Tra discarica Cemerad, area del Mar Piccolo e stabilimento Ilva, il giro compiuto a Taranto è positivo. Sul fronte delle bonifiche tutto si sta muovendo. Non si è fermi, tante cose sono state fatte, non è che si sia finito, certo, ma siamo senz’altro ad un inizio avanzato». Così Alessandro Bratti, del Pd, presidente della commissione parlamentare d’inchiesta sulle attività illecite connesse al ciclo dei rifiuti e sugli illeciti ambientali correlati, sintetizza i due giorni di sopralluoghi e audizioni compiuti a Taranto insieme ad alcuni componenti della stessa commissione.

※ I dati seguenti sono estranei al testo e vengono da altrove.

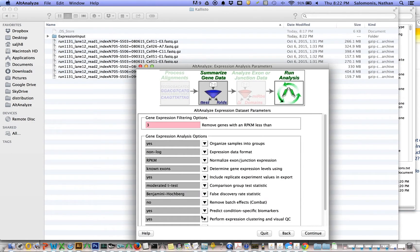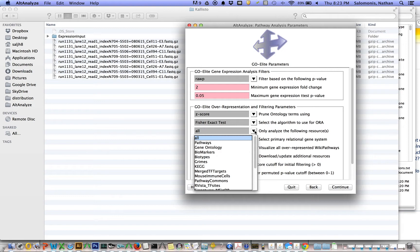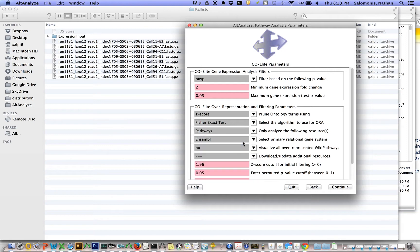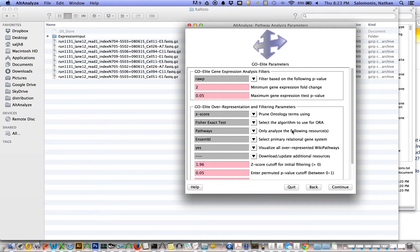You can change a number of these parameters. In previous tutorials we've outlined what some of these parameters mean. Again, you have more parameters. In this case, this is for pathway analysis. For example, we can say let's just look at pathways and view those pathways too as wiki pathways, colored wiki pathways.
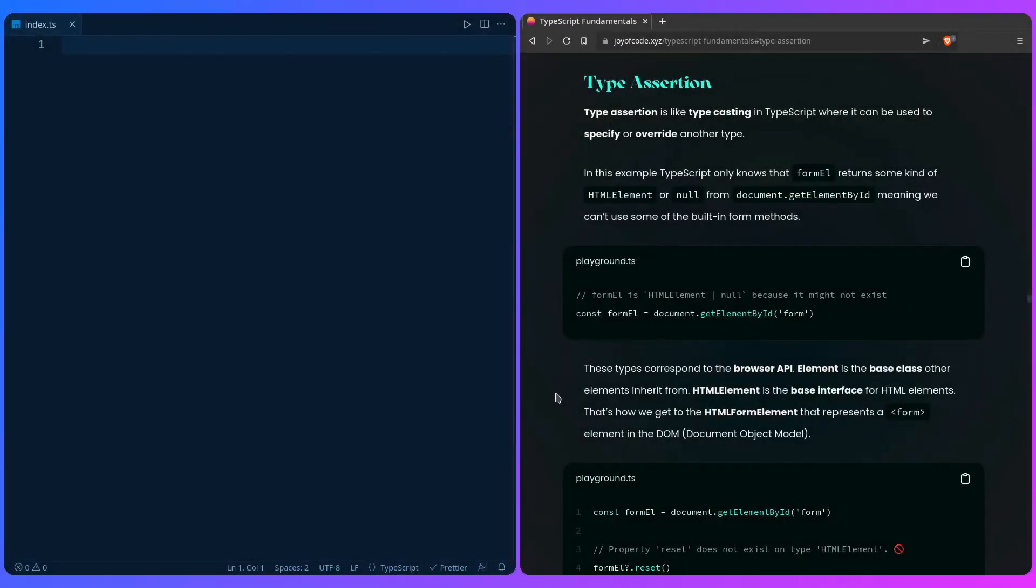Let's learn about type assertion. So what is type assertion? Type assertion is like typecasting if you're familiar with the term, but in TypeScript it can be used to specify or override another type.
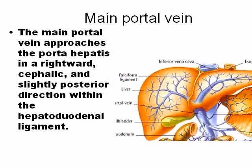The main portal vein approaches the portal hepatis. Remember, the portal hepatis is the hilum of the liver — the part where the portal vein, the hepatic artery, and also the bile ducts enter. It is near the gallbladder and is formed by the portal vein, the hepatic artery, and the bile ducts, and is inside the hepatoduodenal ligament.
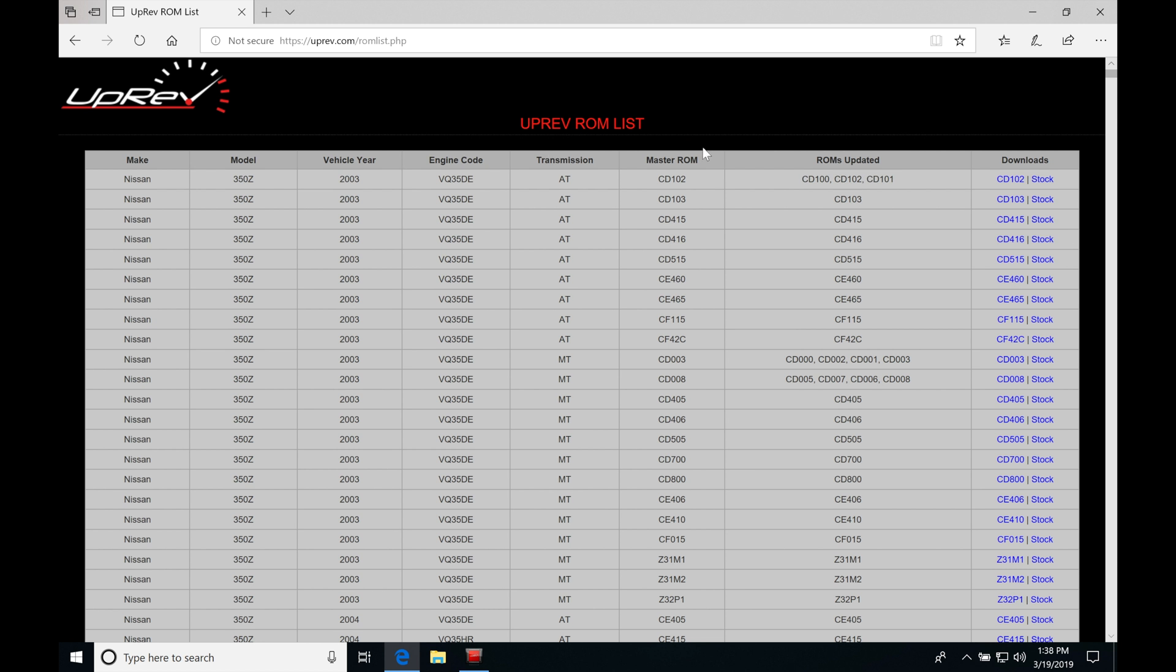And we can see here, if we kind of pan down our list, we find that the make is Nissan, model 350Z, year 2003, the engine, manual transmission, and we find the master ROM as well as an updated ROM or enhanced ROM that can be found from the uprev database.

«L’auspicio che esprimiamo - commenta Bratti - è che tutto adesso proceda con rapidità. D’altra parte a Taranto si sta aggredendo un problema ambientale che non è mica da poco. Non è che ci siano tante situazioni di questo genere. Si stanno quindi sperimentando delle soluzioni e degli interventi attraverso un lavoro non banale. Anzi, è un lavoro che andrà attenzionato perchè, una volta finiti gli studi sul Mar Piccolo e attivate le prescrizioni sui lavori da fare, si dovranno anche bandire degli appalti, si dovranno spendere delle risorse, e questo è un tema che si incrocia con quello della legalità e della trasparenza. Se non si verifica la conduzione degli appalti e se la gestione non viene fatta in modo oculato - osserva Bratti -, c’è sempre il rischio che si infili qualcuno poco gradito eppoi che si blocchino i lavori e questo a Taranto non possiamo permettercelo».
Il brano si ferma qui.